GOAL OF THE EXERCISE
Repeat everything in the listing exactly, except for the images.

===== SOURCE INFORMATION =====

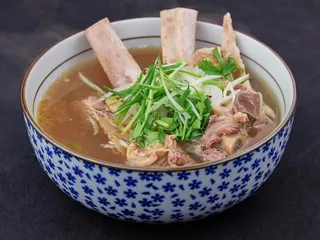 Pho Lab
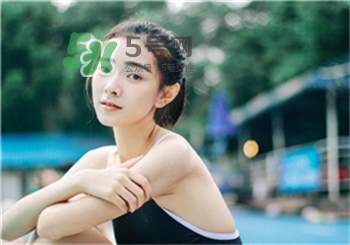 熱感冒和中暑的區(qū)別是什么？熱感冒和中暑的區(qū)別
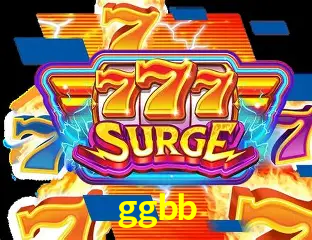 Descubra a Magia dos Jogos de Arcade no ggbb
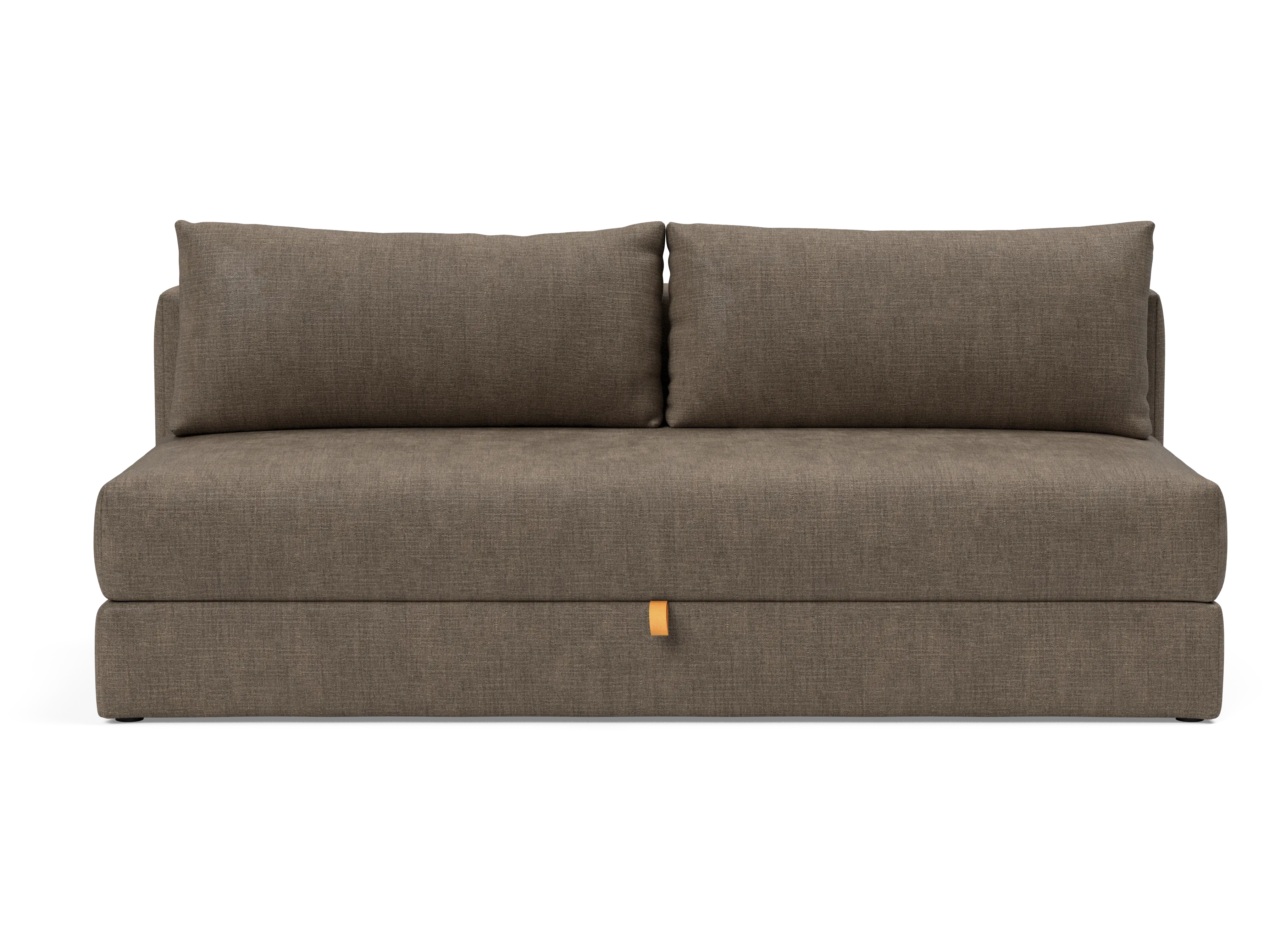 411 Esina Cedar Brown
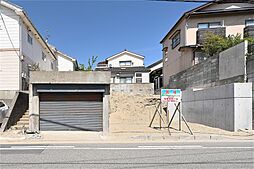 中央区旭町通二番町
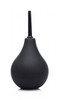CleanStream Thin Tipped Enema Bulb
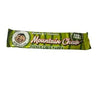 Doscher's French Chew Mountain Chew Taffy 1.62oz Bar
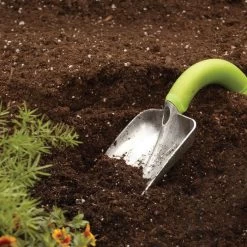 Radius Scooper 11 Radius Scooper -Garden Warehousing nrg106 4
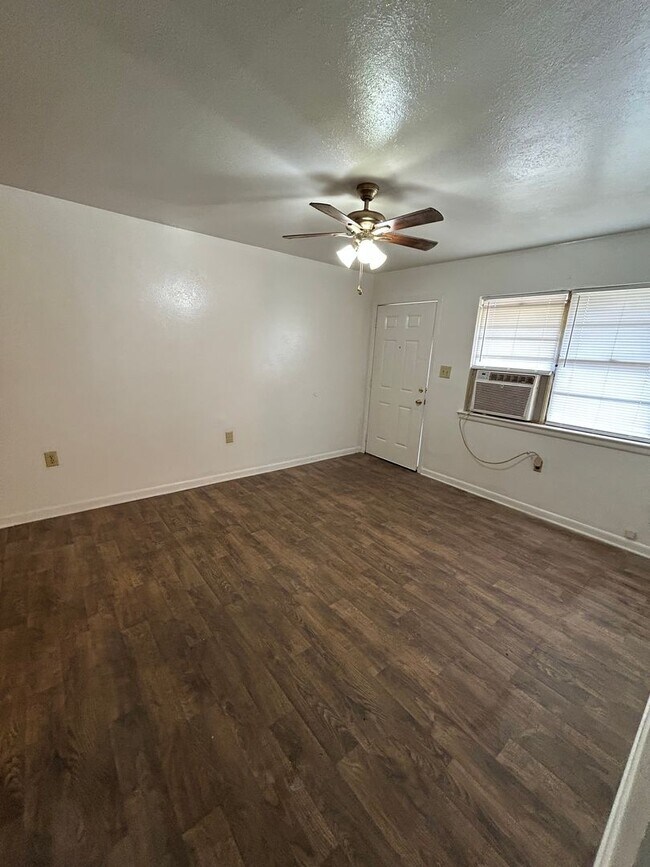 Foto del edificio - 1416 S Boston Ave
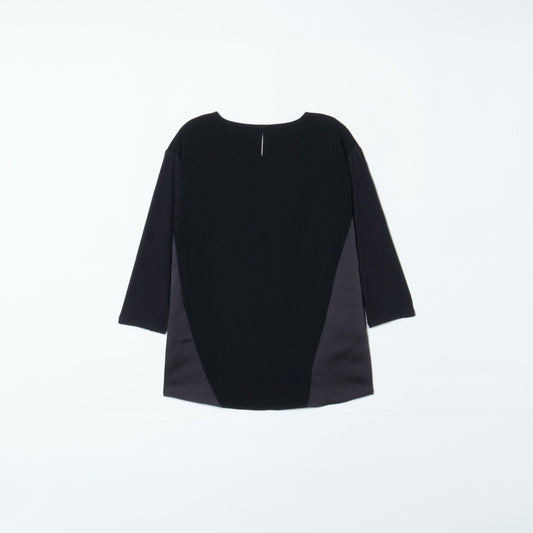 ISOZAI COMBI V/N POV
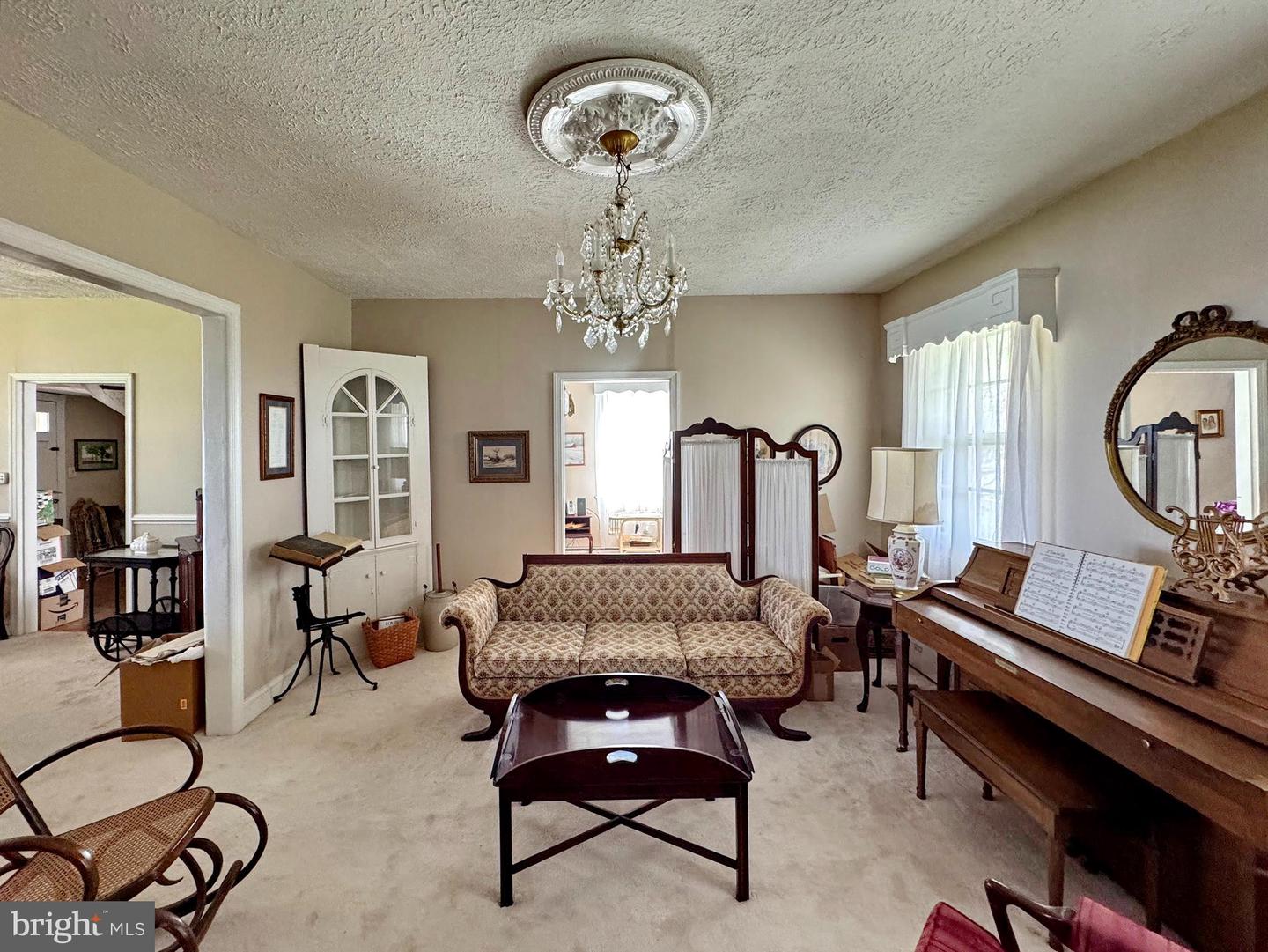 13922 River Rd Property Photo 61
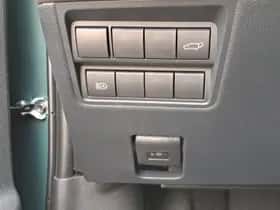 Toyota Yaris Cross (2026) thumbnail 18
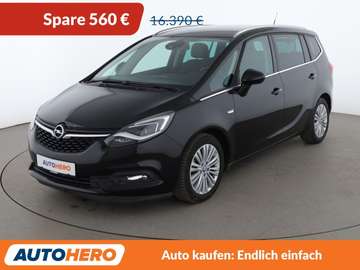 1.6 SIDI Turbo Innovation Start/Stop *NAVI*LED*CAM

=====

WRITTEN RESPONSE
 Pho Lab
 熱感冒和中暑的區(qū)別是什么？熱感冒和中暑的區(qū)別
 Descubra a Magia dos Jogos de Arcade no ggbb
 411 Esina Cedar Brown
 中央区旭町通二番町
CleanStream Thin Tipped Enema Bulb
 Doscher's French Chew Mountain Chew Taffy 1.62oz Bar
 Radius Scooper 11 Radius Scooper -Garden Warehousing nrg106 4
 Foto del edificio - 1416 S Boston Ave
 ISOZAI COMBI V/N POV
 13922 River Rd Property Photo 61
 Toyota Yaris Cross (2026) thumbnail 18
 1.6 SIDI Turbo Innovation Start/Stop *NAVI*LED*CAM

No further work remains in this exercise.